System software, such as the OS and drivers, has the highest impact on real-time performance. System software tuning is described in the Real-Time Tuning Guide, and is not configured by the data streams optimizer.
It is advisable to try Intel-provided system software comprised of the board support package (BSP) with real-time optimizations and reference BIOS with Intel® TCC Mode first. This “out of the box” tuning configuration can meet a certain level of real-time performance and provides baseline tuning of the top three categories: system software tuning, power management tuning, and Intel® TCC features tuning. If the Intel-provided system software doesn’t meet your needs, move to the more advanced level of tuning possible with the data streams optimizer, which provides a finer granularity of tuning and affects power management tuning, Intel® TCC features tuning, and is the only way to access fabric tuning.
Some power management tuning configured by the data streams optimizer include BIOS options already configured by Intel® TCC Mode. The data streams optimizer may change settings that improve real-time performance to settings that improve power-savings. This adjustment is made to achieve the right balance of performance and power dictated by system requirements. Intel® TCC Mode is recommended for maximum performance, but if power and thermal considerations are required, the data streams optimizer may configure Intel® TCC Mode settings (one option, a few options, or all options) to minimize power consumption as a tradeoff to latency performance.
To summarize:
Tuning Category
System Software Tuning
BSP with real-time optimizations
Power Management Tuning
Out-of-the-box tuning: BSP with real-time optimizations, Intel® TCC Mode in BIOS
Advanced tuning: Data streams optimizer
Intel® TCC Features Tuning
Out-of-the-box tuning: BSP with real-time optimizations, Intel® TCC Mode in BIOS
Advanced tuning: Data streams optimizer
Fabric Tuning
Data streams optimizer
The data streams optimizer will attempt to find the best balance of latency and power management by addressing power management tuning, Intel® TCC features tuning, and fabric tuning.
The data streams optimizer offers extremely fine-grained tuning.
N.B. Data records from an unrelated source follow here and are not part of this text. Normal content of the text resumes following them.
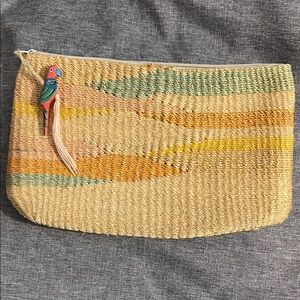 SALE! Colorful Woven Clutch with Parrot Charm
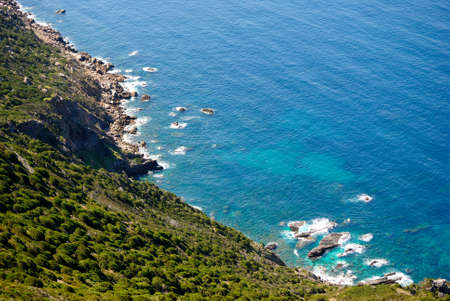 The coast under Punta Lu Caparoniの写真素材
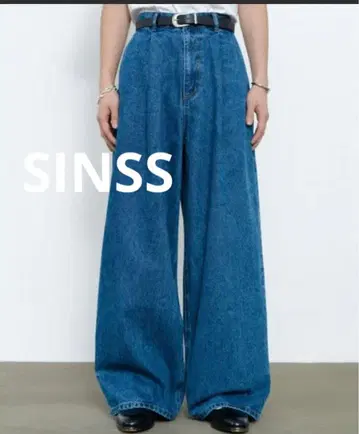 sinss 와이드 벌룬 데님 블루 남성용 여성용 S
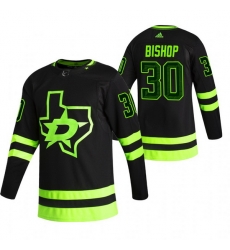 Men Dallas Stars 30 Ben Bishop Black Adidas 2020 21 Reverse Retro Alternate NHL Jersey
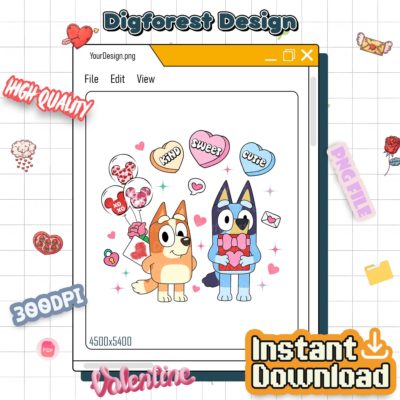 Bluey Valentine PNG – Bluey & Bingo Love Day Design, Family Matching Art, Kids Heart Style Digital Download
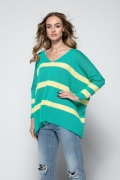 Двухцветный свитер с V-образным вырезом Fimfi I239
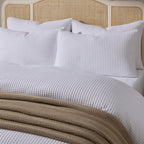 Dusklia - Portofino Waffle 100% Cotton Duvet Cover 200 Thread Count - White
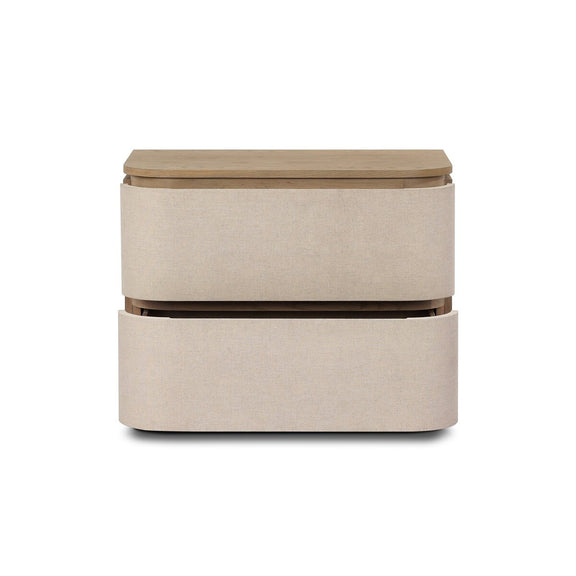 Mariella Nightstand - Beige Painted Linen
Performance improvements in data movement can be seen in the range of 20 microseconds to 2 microseconds for workloads with cycle times of less than 250 microseconds with single stream data movement between a PCIe endpoint and a processor core or memory. A similar level of improvement may also be seen for workloads with higher cycle times and multiple data movements between these end points. Improvements to this extent would only be visible for applications with highly tuned software, such that the software jitter is less than the 20 microseconds of tuning delivered by the data streams optimizer. If you can’t measure the data stream latency between these end points, the data streams optimizer tuning performance might not be easily observed. In this case, you might need to perform a deep inspection of your workloads and intra-workload latencies to determine if the data streams optimizer meets your needs.
Other Intel® TCC Tools capabilities, for example, cache configurator and cache allocation library, contribute to Intel® TCC features tuning. They are described elsewhere in this guide.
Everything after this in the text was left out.